Otros procesos rozan la comedia si los miramos desde hoy. En 1768, un boticario aragonés organizó, disfrazado de cura, un entierro de Carnaval con cruz de cañas incluida. Se lo tomó la Inquisición tan en serio que lo acusó de sacrilegio. Y a finales del XVIII, ya en plena decadencia del Santo Oficio, encontramos a farmacéuticos que negaban la existencia de demonios, reducían a los santos a “pedazos de lienzo” o denunciaban que los curas cobraban demasiado por bautizos y entierros. En realidad, muchos de ellos estaban dando voz a un malestar común de la época: la corrupción y el excesivo poder de la Iglesia.
Mundina recuerda que, pese a todo, los boticarios no fueron un grupo especialmente castigado. Sus procesos fueron pocos y casi siempre relacionados con el verbo fácil y la crítica intelectual. Lo habitual es que recibieran una reprimenda, alguna cárcel temporal y la confiscación de bienes, pero rara vez acabaron en tragedia. En realidad, su formación y su prestigio social los protegían: eran hombres de cultura en un país donde la mayoría apenas sabía leer.
No deja de ser irónico que aquellos que mezclaban sustancias químicas con precisión fueran perseguidos por mezclar palabras con demasiada libertad. Si algo nos enseñan sus historias es que la Inquisición, además de vigilar conciencias, también fiscalizaba sobremesas, charlas de rebotica y comentarios de taberna.
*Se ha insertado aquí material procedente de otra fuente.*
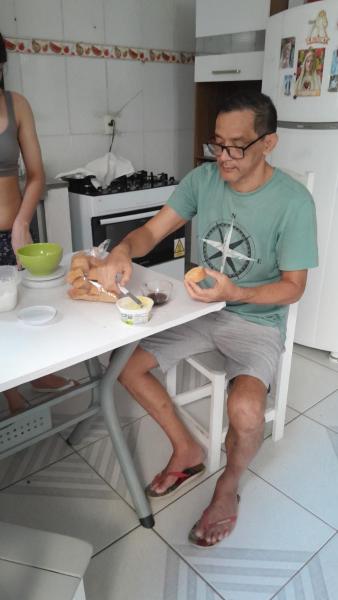Na fotografii je vidět objekt Residência familiar nacházející se ve městě Belém.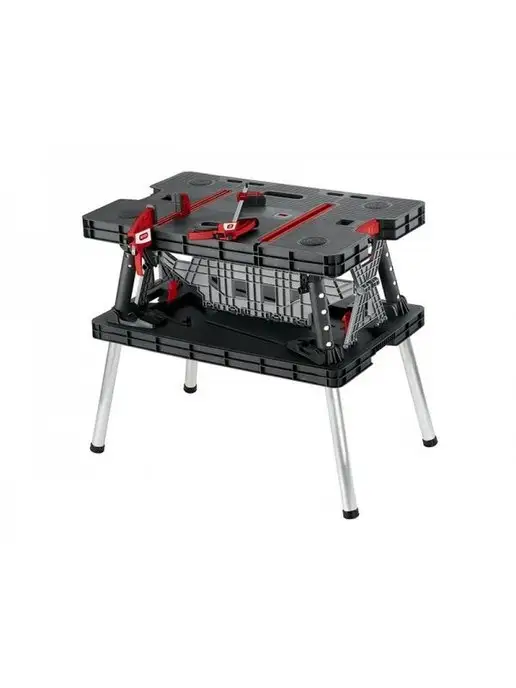 Keter Верстак складной Folding Table Mettal Leg, черный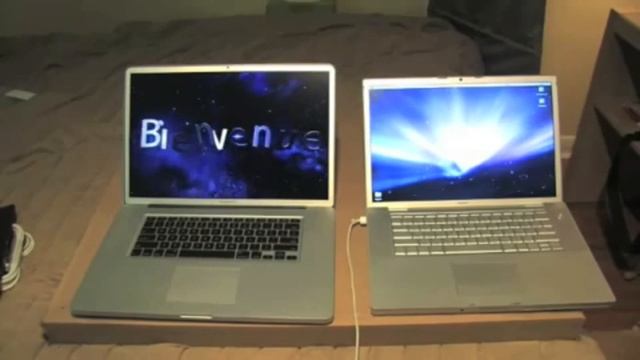 17" Anti-Glare Macbook Pro Unibody 2.8 Ghz VS 2.4 Ghz 15" Macbook Pro & Unboxing смотреть онлайн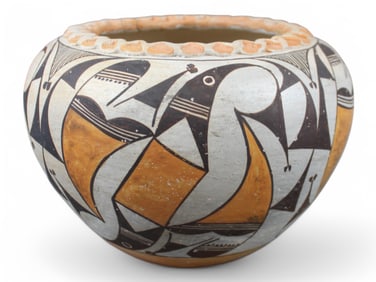 Acoma Bird Pot Ca 1930-1940's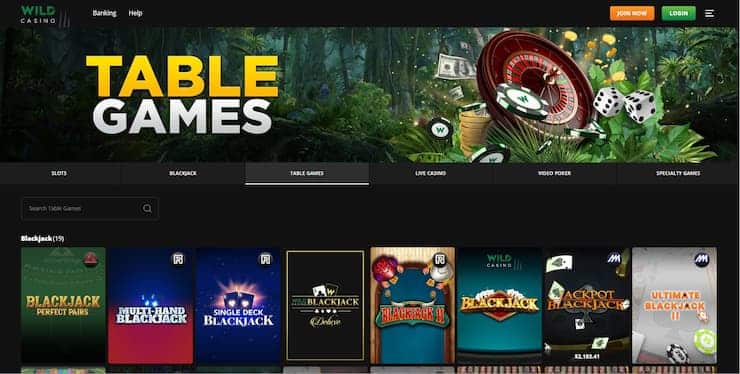 wild casino step 3 play games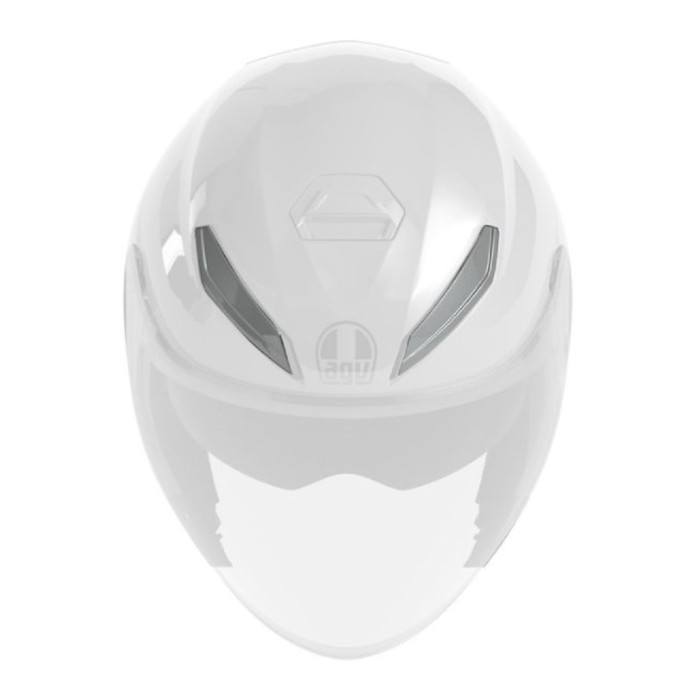 Agv Kit Front Vents K5 Jet Evo Grey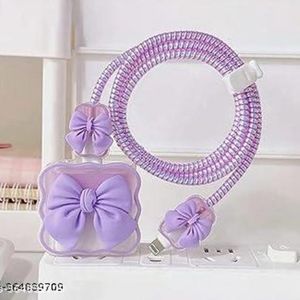 Cute iPhone Charger Case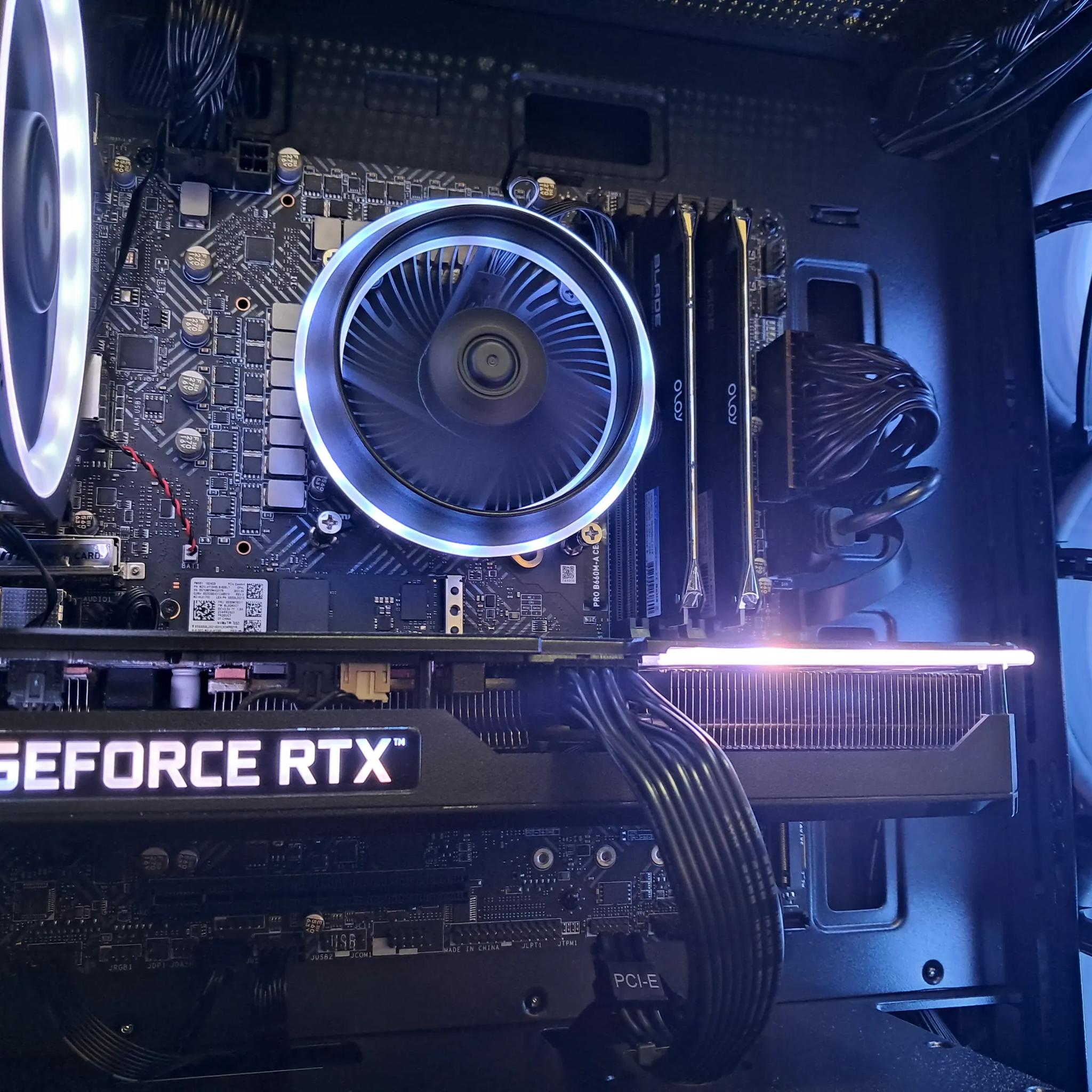 ⚫⚔️1080p Ultra Slayer⚔️⚫Nvidia RTX 3060 12GB | Intel Core i3-12100f | 1TB SSD | 16GB DDR4 | PCIe 4.0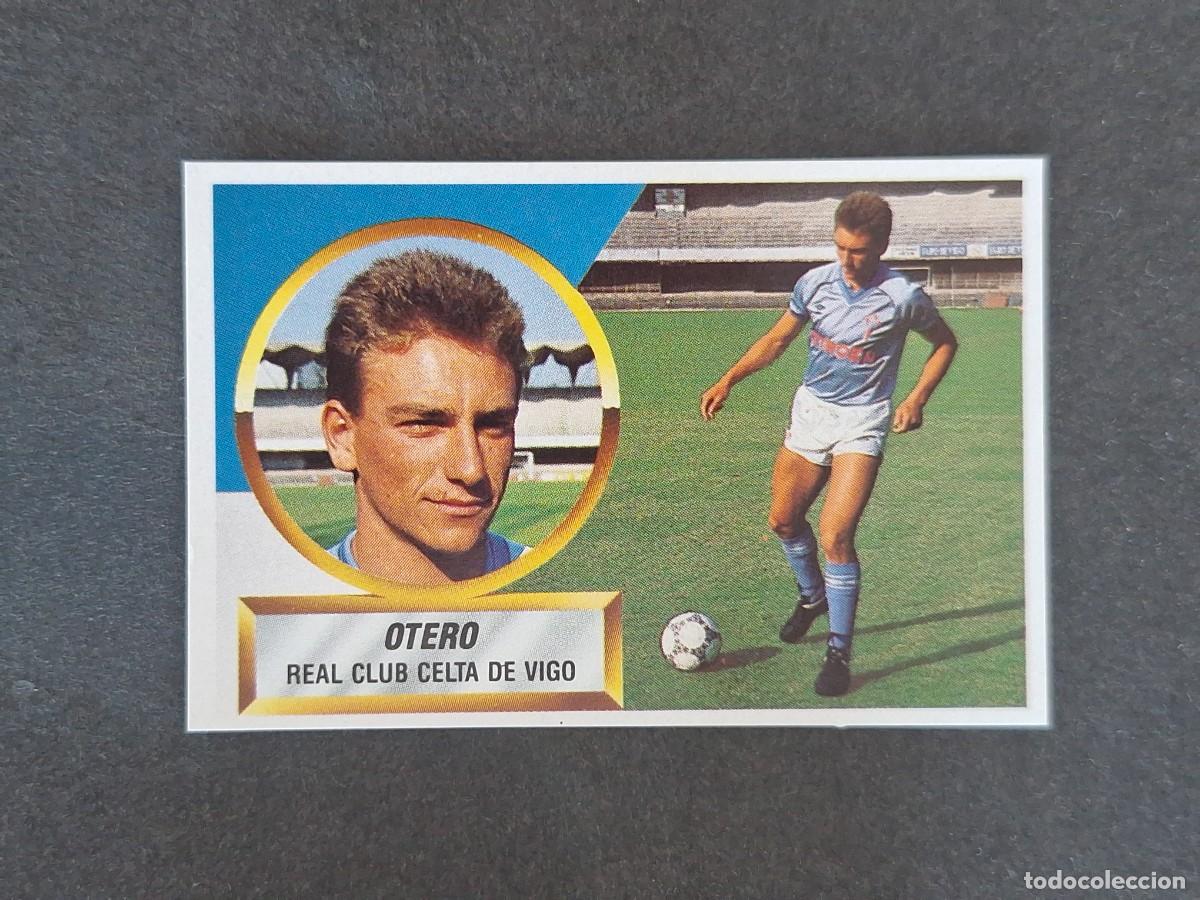 Fu&szlig;ball-Sticker: L5 OTERO CELTA DE VIGO LIGA ESTE 1988 1989 88 89 NUNCA PEGADO SIN PEGAR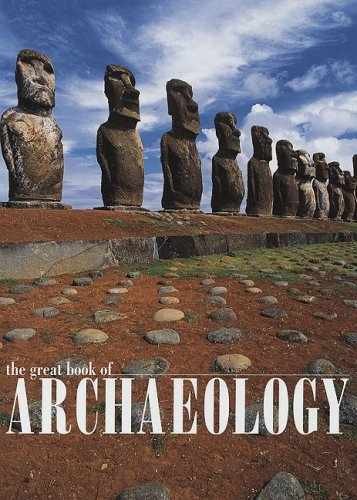 The Great Book of Archaeology - Hardcover, by white-star - Very Good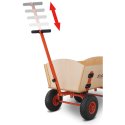 Eckla Bollerwagen Long-Trailer, 100x54x60 cm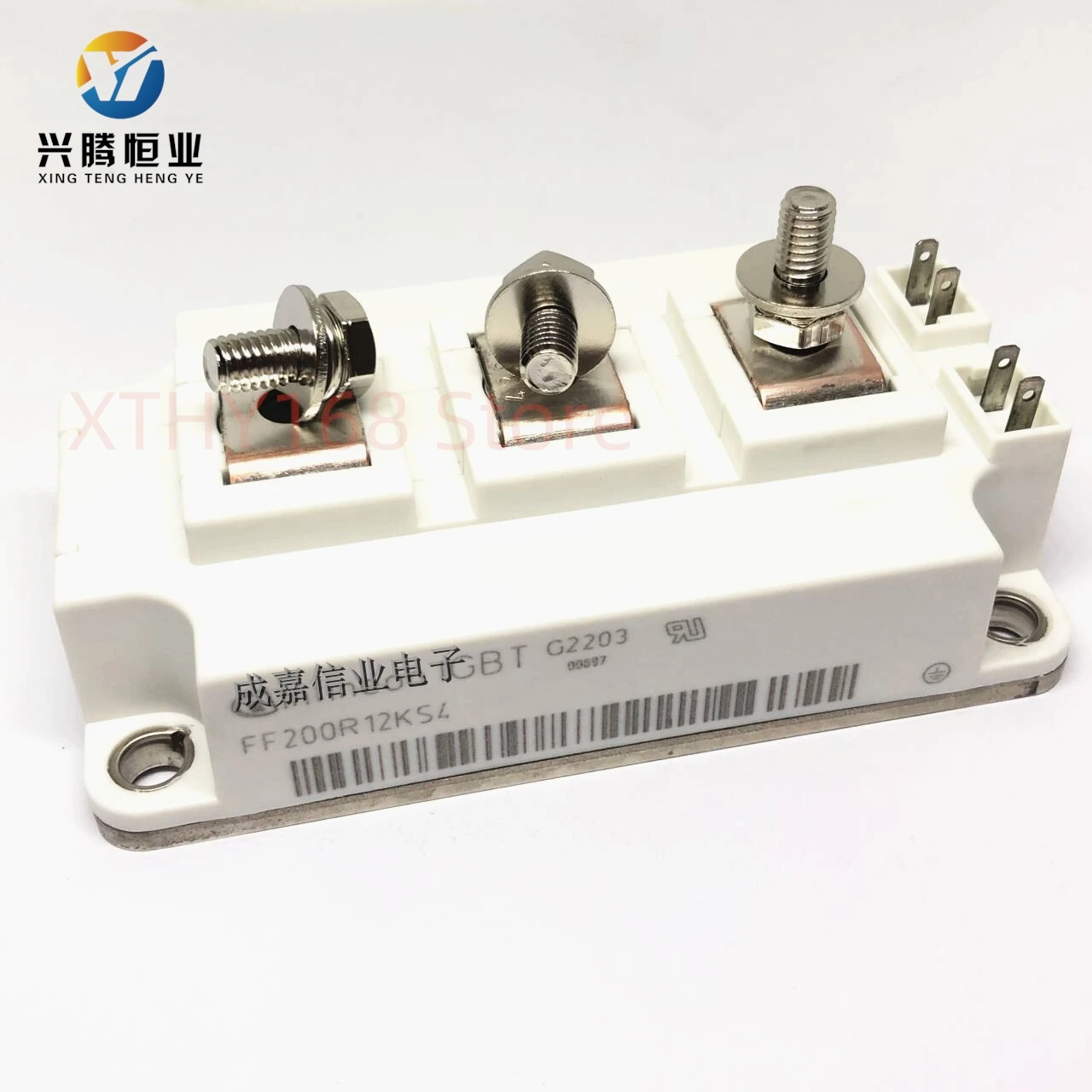 

1pcs/Lot FF200R12KS4 IGBT Modules 1200V 200A DUAL 1400 W Operating Temperature:- 40 C-+ 125 C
Hoy, a la luz del siglo XXI, estas acusaciones suenan a caricatura: ¿meter en la cárcel a un farmacéutico por decir que Jonás no cabía en la ballena? ¿Llamar ateo a quien prefería rezar en privado?
En definitiva, los boticarios fueron, en ocasiones, pacientes involuntarios de la Inquisición. Su delito: pensar en voz alta. Y quizás eso los emparente más con nosotros de lo que creemos, porque si algo no ha cambiado es que las palabras, incluso las más triviales, siguen teniendo el poder de incomodar al poder.